EU’s draconian new copyright law puts an expiration date on startups - xbmcuser
https://thenextweb.com/eu/2017/07/27/eus-draconian-new-copyright-laws-put-expiration-dates-on-startups/?amp=1
======
DarkKomunalec
Despite opposing the legislation, the article is filled with copyright
maximalist garbage that goes far beyond the already harsh copyright laws of
the EU and US. Just look at this paragraph:

"The European Parliament should take a rational approach where they ask
themselves, ‘does a certain text and data mining cause any harm to the author
or the rights holder?’ And if the answer is no, then they should allow it."
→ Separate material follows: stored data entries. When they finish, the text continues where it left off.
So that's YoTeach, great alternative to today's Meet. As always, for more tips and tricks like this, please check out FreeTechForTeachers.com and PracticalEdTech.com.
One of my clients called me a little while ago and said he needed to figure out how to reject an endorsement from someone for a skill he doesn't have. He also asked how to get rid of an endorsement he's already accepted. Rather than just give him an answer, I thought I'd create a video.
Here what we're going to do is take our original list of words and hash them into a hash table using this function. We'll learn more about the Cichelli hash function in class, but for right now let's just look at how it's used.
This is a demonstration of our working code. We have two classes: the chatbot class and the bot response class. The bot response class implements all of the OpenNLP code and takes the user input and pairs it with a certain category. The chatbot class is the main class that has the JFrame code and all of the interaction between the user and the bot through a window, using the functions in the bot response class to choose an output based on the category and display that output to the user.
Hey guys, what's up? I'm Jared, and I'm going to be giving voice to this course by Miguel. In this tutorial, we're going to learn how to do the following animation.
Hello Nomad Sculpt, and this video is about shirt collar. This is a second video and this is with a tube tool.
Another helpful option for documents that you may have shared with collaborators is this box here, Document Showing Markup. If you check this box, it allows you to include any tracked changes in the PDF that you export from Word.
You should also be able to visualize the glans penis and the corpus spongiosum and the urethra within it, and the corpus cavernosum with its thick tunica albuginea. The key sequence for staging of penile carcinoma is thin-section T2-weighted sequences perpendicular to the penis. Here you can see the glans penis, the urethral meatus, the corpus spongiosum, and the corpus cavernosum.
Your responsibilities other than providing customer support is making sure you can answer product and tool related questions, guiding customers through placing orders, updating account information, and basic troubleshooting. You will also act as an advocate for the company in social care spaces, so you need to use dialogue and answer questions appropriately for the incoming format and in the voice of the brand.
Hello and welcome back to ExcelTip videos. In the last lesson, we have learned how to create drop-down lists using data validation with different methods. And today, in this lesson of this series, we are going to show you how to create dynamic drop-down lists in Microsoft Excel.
Far from "you can't copy copyrighted stuff", now they want "you can't do
anything with copyrighted stuff that might reduce the owner's profits".
Another paragraph:

"The Copyright Reforms, and especially the article on text and data mining, is
meant to make sure that companies cannot profit illegally from the
intellectual property of others."

They don't mean 'cannot profit illegally', they mean ' _make_ it illegal to
profit from reading _public_ data'.

Such a thin veil of language that, when pulled back, reveals utterly absurd
laws - and it's been used before. It's hard to outlaw 'figuring out how stuff
works', but they did manage to mostly outlaw 'reverse engineering', despite it
being the same thing. Now it's 'data mining' instead of 'using publicly
accessible data'.

And I'm more than a little disappointed so many journalists can't (or won't)
see through it, and instead just parrot what various lobbyists tell them.